Agora, o Infarmed nega as acusações e dá alguns detalhes sobre o que foi feito no país para reforço do stock de medicamentos.

“Na preparação para a pandemia da COVID-19, foi definida pelas entidades do Ministério da Saúde, uma lista de medicamentos, Equipamentos de Proteção Individual e Dispositivos Médicos para os quais os hospitais deviam reforçar o stock em 20% do respetivo consumo anual, de modo a estarem preparados para uma utilização elevada dos serviços de saúde, em particular dos cuidados intensivos. Este reforço, permitia também assegurar que face a eventuais constrangimentos na cadeia de distribuição, os serviços de saúde portugueses estariam preparados para prestar os cuidados de saúde necessários. As necessidades estimadas e adquiridas estão em linha com as identificadas como necessárias ao funcionamento dos serviços de saúde, face à situação pandémica”, começa por explicar o Infarmed, num comunicado emitido esta terça-feira.

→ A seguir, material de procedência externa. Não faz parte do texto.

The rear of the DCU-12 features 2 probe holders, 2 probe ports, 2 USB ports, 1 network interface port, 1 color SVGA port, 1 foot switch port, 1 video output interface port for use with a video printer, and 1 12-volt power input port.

A autoridade nacional diz ainda que “ em relação ao reforço de stocks de medicamentos para o tratamento dos doentes, todos os países da Europa têm adotado as mesmas práticas e nega assim que o país tenha armazenado medicamentos em excesso por comparação com outros Estados-membro.

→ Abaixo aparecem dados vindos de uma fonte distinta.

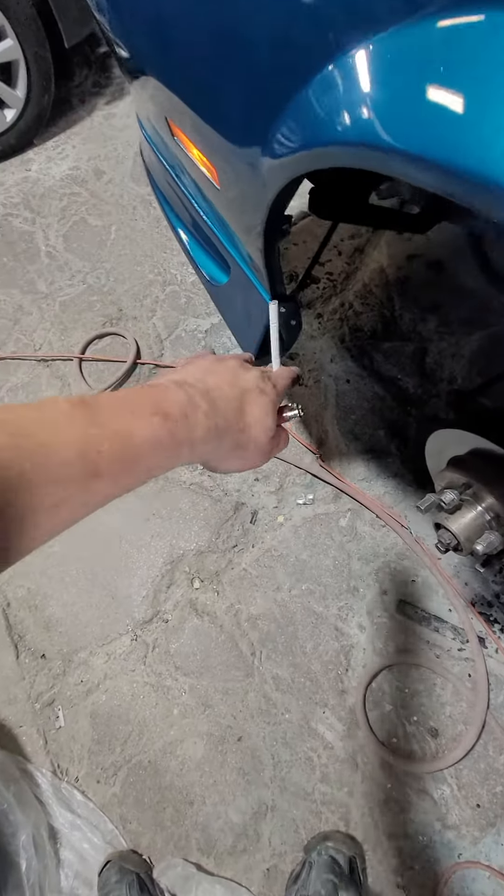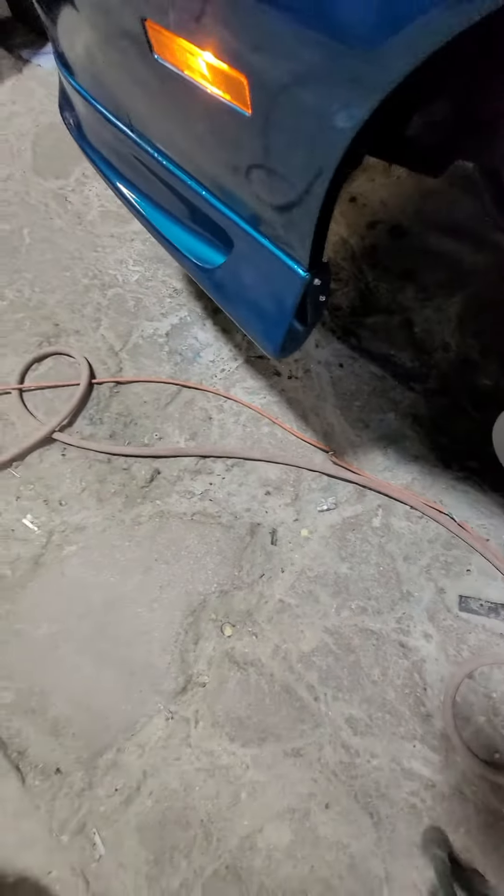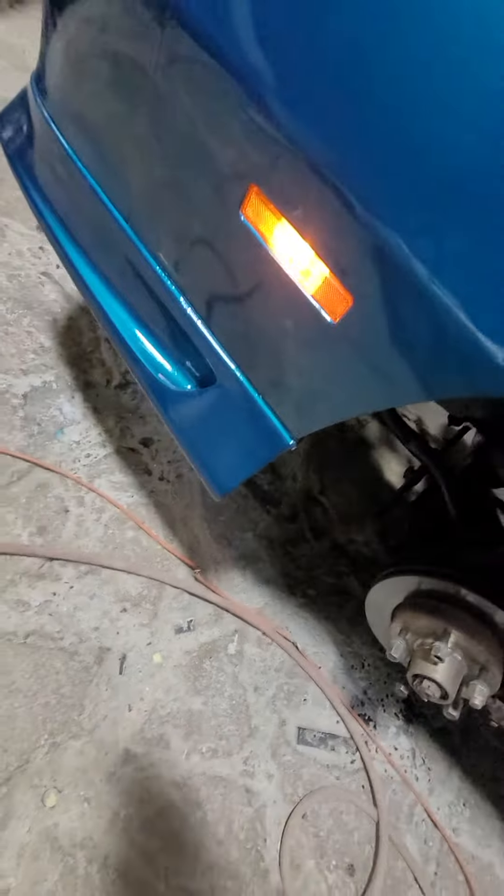This little molding right here is what got me stuck — that's why there's been no new videos for a while. I couldn't get this to fit on the fender, but I finally got help with it.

“Este reforço, tem sido feito em articulação com a industria farmacêutica nacional e internacional, para que se possa aumentar a produção de forma a fazer face às necessidades dos doentes, com o inerente aumento dos consumos. O INFARMED, em articulação, com a Agência Europeia de Medicamentos e com a rede de Autoridades do Medicamento dos outros Estados Membros, está a monitorizar a disponibilidade de medicamentos (stock da indústria) no sentido de evitar faltas, nomeadamente dos medicamentos essenciais e dos que são apontados como tendo algum potencial terapêutico no combate à COVID19. Durante todo este processo, Portugal tem adotado uma postura de total transparência e disponibilidade para articular com todos os parceiros europeus da área do medicamento”, garante.

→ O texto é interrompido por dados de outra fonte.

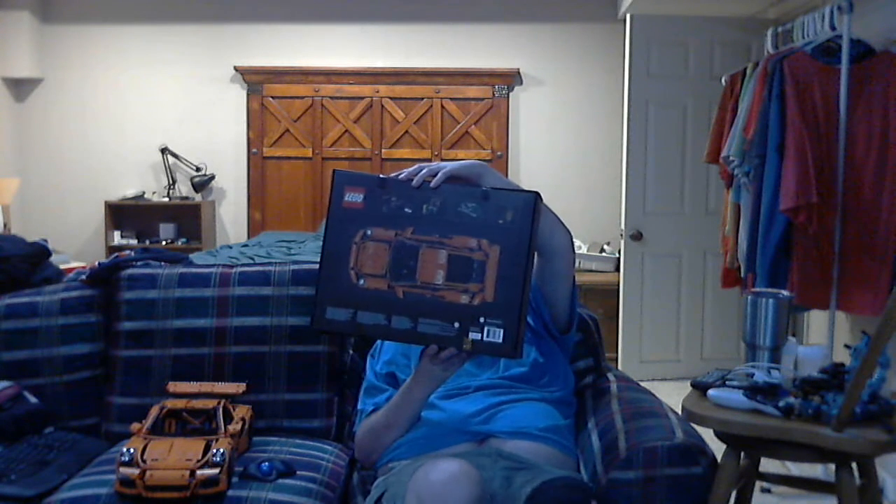Hey guys, it's me again. This is the review of the LEGO Technic Porsche 911 GT3 RS. The set number is 42056, and this set comes with 2704 pieces.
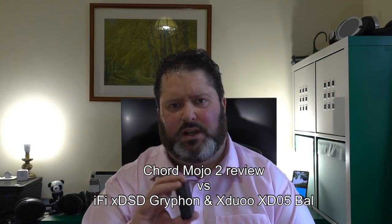Hi everyone, this is Gavin from Gavin's Gadgets. I've got another audio review - this is the Mojo 2, and I'm going to review this versus the Gryphem i5x DSD and also the xDuo XD05 Bal. The XD05 Bal has upgraded op-amps - a pair of Burson V5i-D's - which adds some extra cost. I'll put the prices on screen to give you a value proposition.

“Neste sentido, falar em açambarcamento é um total absurdo. Como se pode ver pelas ações tomadas pelo INFARMED, este trabalho foi feito em articulação com todos os setores da indústria (inovadora e genéricos), distribuidores e farmácias, com quem reunimos regularmente. O INFARMED gostaria de deixar claro que as nossas preocupações estão no plano de prestar os melhores cuidados aos doentes, nomeadamente evitar a escassez e a falta de acesso ao medicamento, em particular num período tão crítico como este, e não gerir um excedente que não deve existir”, assegura.

O Infarmed diz ainda que está “a monitorizar em permanência, a utilização e o abastecimento de medicamentos em meio hospitalar e em meio ambulatório, bem como a monitorizar os stocks dos medicamentos que fazem parte da Reserva Estratégica Nacional, em todas as entidades do circuito do medicamento, de modo a garantir que as terapêuticas estão disponíveis para prestar os cuidados de saúde necessários a quem deles necessite”.